Neural networks are a priori biased towards Boolean functions with low entropy
Chris Mingard, Joar Skalse, Guillermo Valle-Pérez, David Martínez-Rubio, Vladimir Mikulik, Ard A. Louis
TL;DR
This work quantifies the inductive bias of neural networks by studying the a priori distribution $P(f)$ over Boolean functions produced from random initializations. It proves a sharp result for a zero-bias perceptron: the count of positive outputs $T$ is uniformly distributed with $P(T=t)=2^{-n}$, which yields a strong bias toward low-entropy, and often simpler, functions; it then extends the analysis to multi-layer ReLU networks, showing that depth and bias terms amplify this bias. The authors connect initialization bias to learning dynamics and generalization, provide expressivity bounds, and offer empirical evidence that the phenomenon persists in more realistic settings.
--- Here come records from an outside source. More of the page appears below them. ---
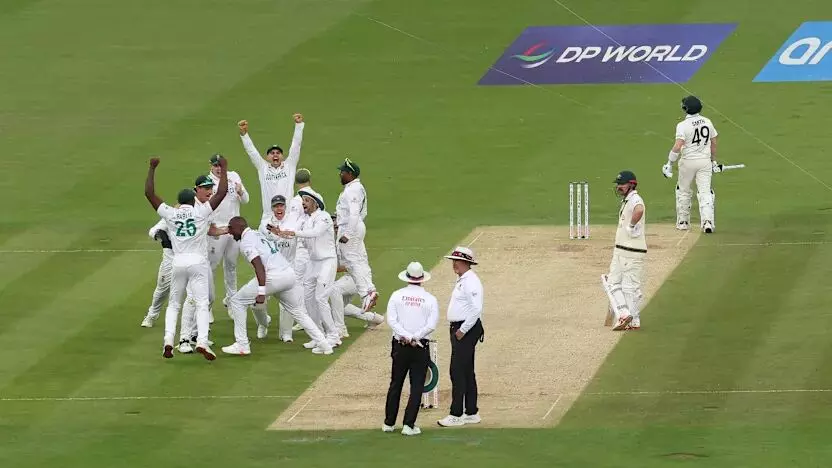 ICC World Test Championship Final 2025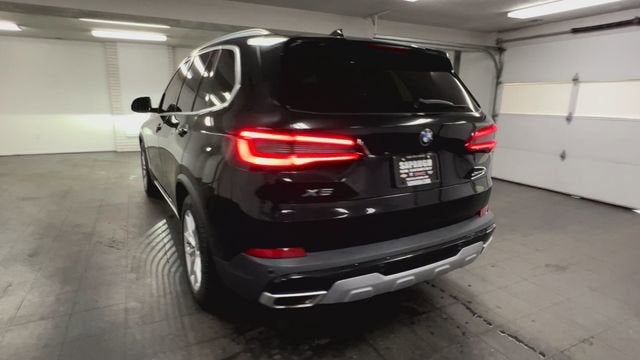 2020 BMW X5 xDrive40i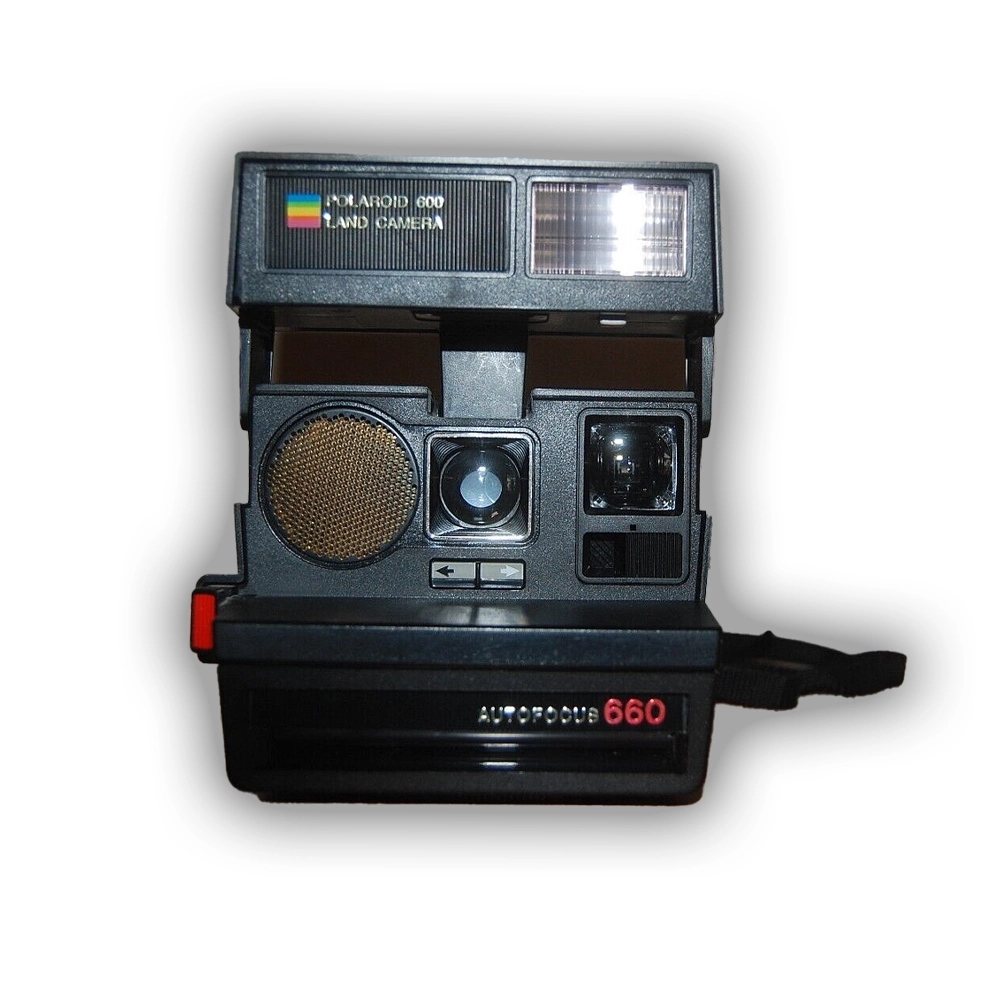 Polaroid Typ 600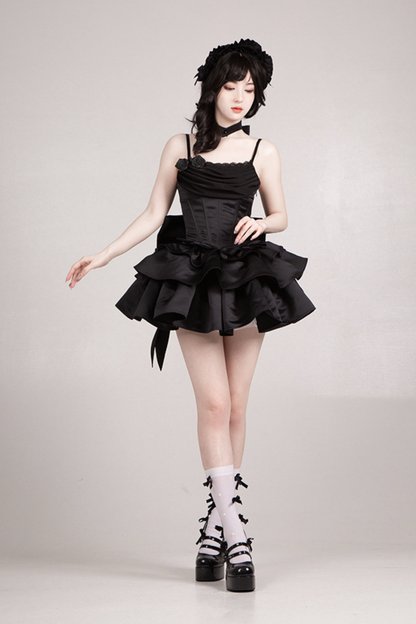 セット ジャンパースカート ドール クラシカル ロリータ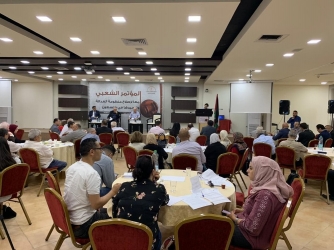 الائتلاف الأهلي لإصلاح القضاء وحمايته يقدم رؤيته الشاملة ويفوض لجنة وطنية مجتمعية لوضع خارطة إصلاح القضاء الائتلاف الأهلي لإصلاح القضاء وحمايته يقدم رؤيته الشاملة ويفوض لجنة وطنية مجتمعية لوضع خارطة إصلاح القضاء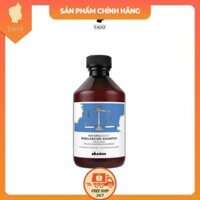Dầu Gội Davines Rebalancing Shampoo 250ml Thích Hợp Cho Da Dầu, Chiết Xuất Thiên Nhiên Giúp Làm sạch lâu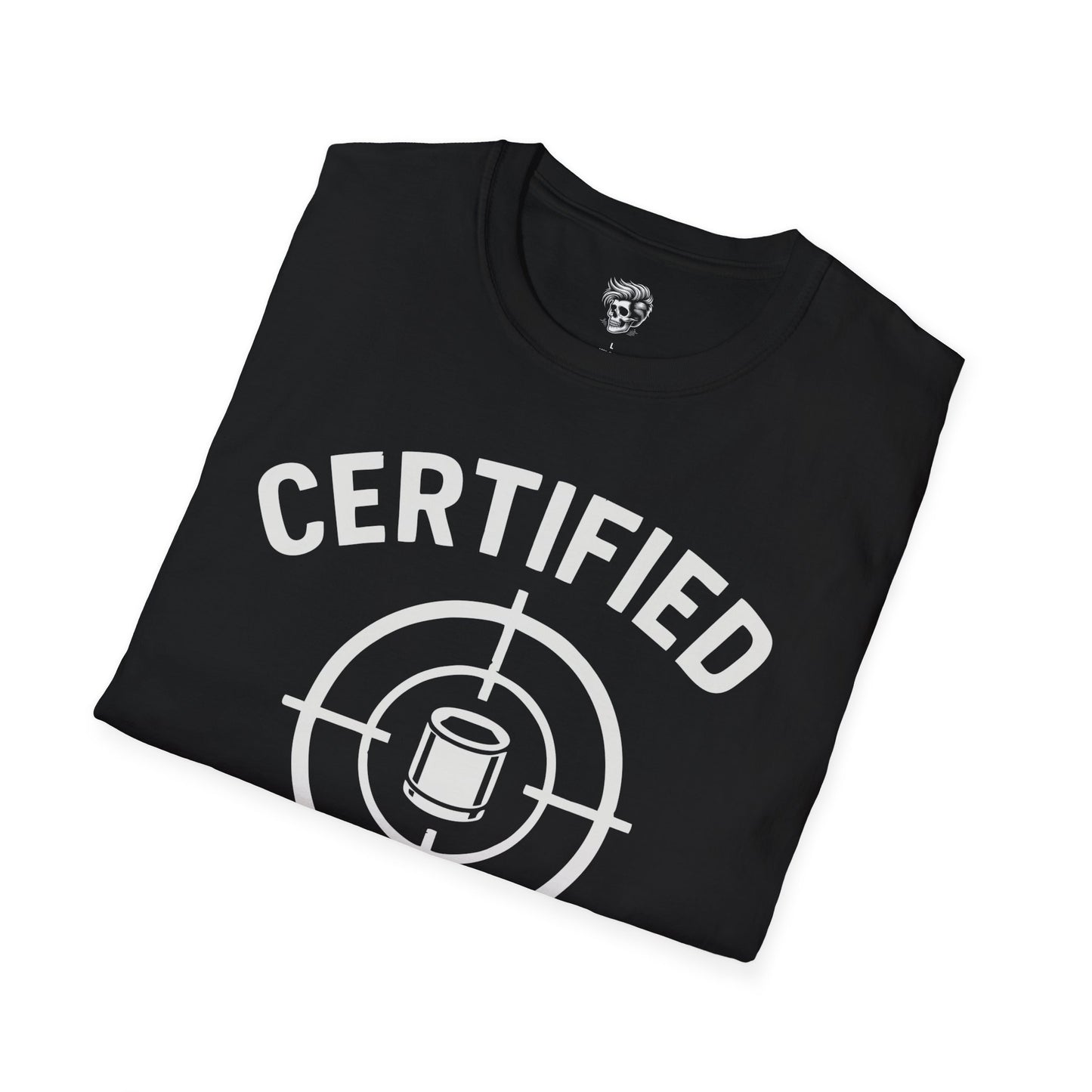 Certified 10mm Hunter – Lost Socket Specialist Tee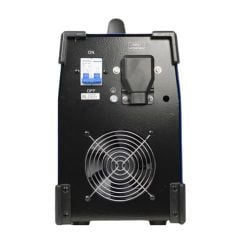 Máy hàn que Riland ARC 315GTS hàn tốt với que hàn 2.5mm - 3.2mm. Hàn được que 4.0mm với điện 380V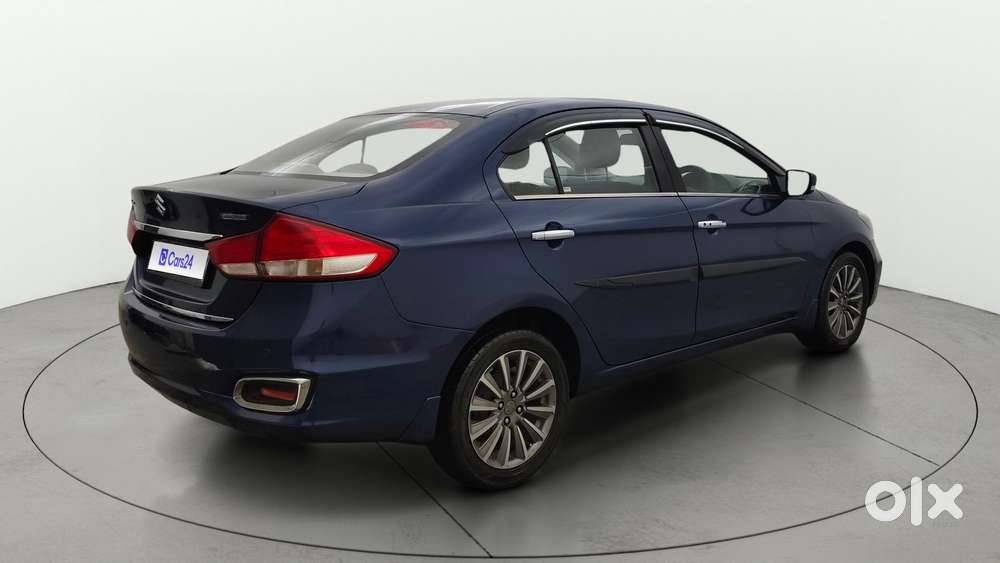 Maruti Suzuki Ciaz 1.5 Alpha Shvs Petrol, 2019, Petrol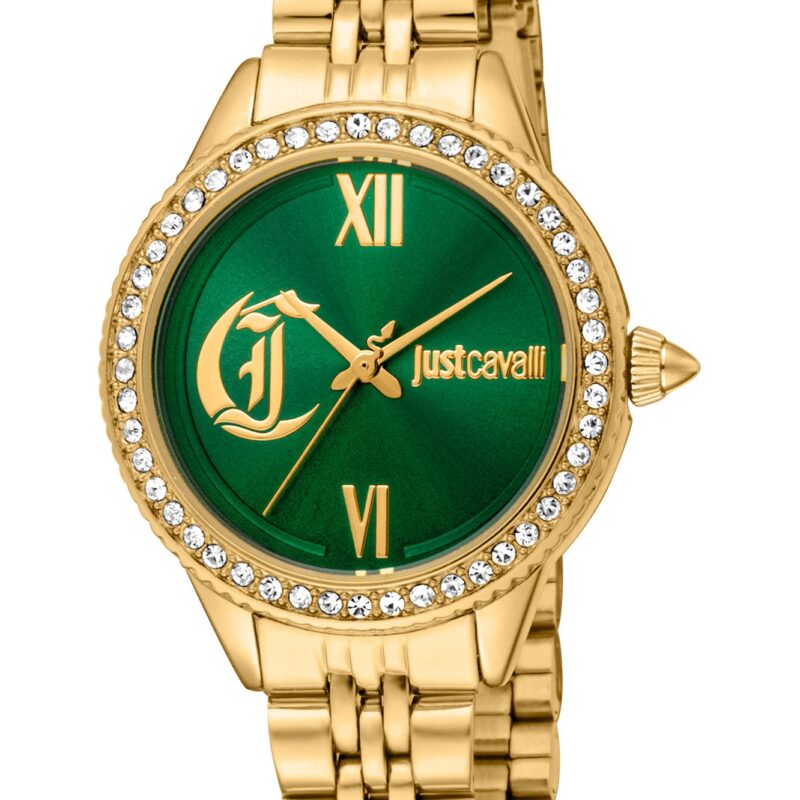 Just Cavalli Men's 46mm Watch (JC1L316M0065) Just Cavalli Men's 46mm Watch (JC1L316M0065)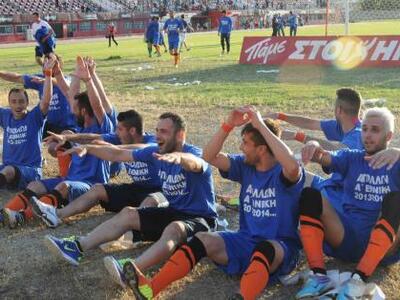 Απόλλων Σμύρνης: Ανανέωσαν πέντε ποδοσφαιριστές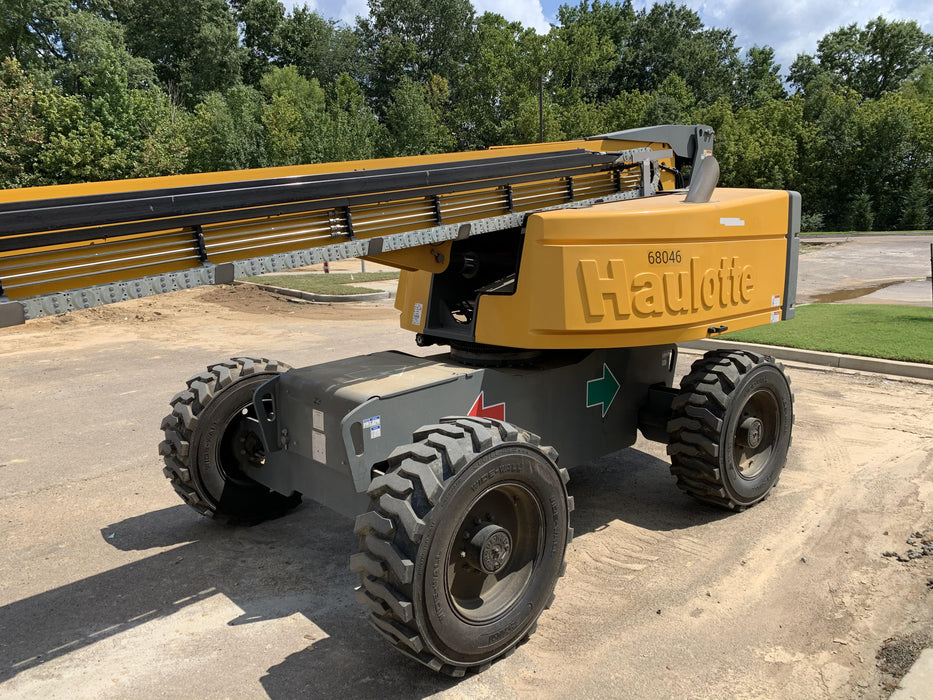 2020 HAULOTTE HT67 RTJ O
Overall, the paper provides a mechanistic explanation for why highly overparameterised networks tend to favor simple functions and suggests architectural choices to tune inductive bias for better generalization.
Abstract
Understanding the inductive bias of neural networks is critical to explaining their ability to generalise. Here, for one of the simplest neural networks -- a single-layer perceptron with n input neurons, one output neuron, and no threshold bias term -- we prove that upon random initialisation of weights, the a priori probability $P(t)$ that it represents a Boolean function that classifies t points in ${0,1}^n$ as 1 has a remarkably simple form: $P(t) = 2^{-n}$ for $0\leq t < 2^n$. Since a perceptron can express far fewer Boolean functions with small or large values of t (low entropy) than with intermediate values of t (high entropy) there is, on average, a strong intrinsic a-priori bias towards individual functions with low entropy. Furthermore, within a class of functions with fixed t, we often observe a further intrinsic bias towards functions of lower complexity. Finally, we prove that, regardless of the distribution of inputs, the bias towards low entropy becomes monotonically stronger upon adding ReLU layers, and empirically show that increasing the variance of the bias term has a similar effect.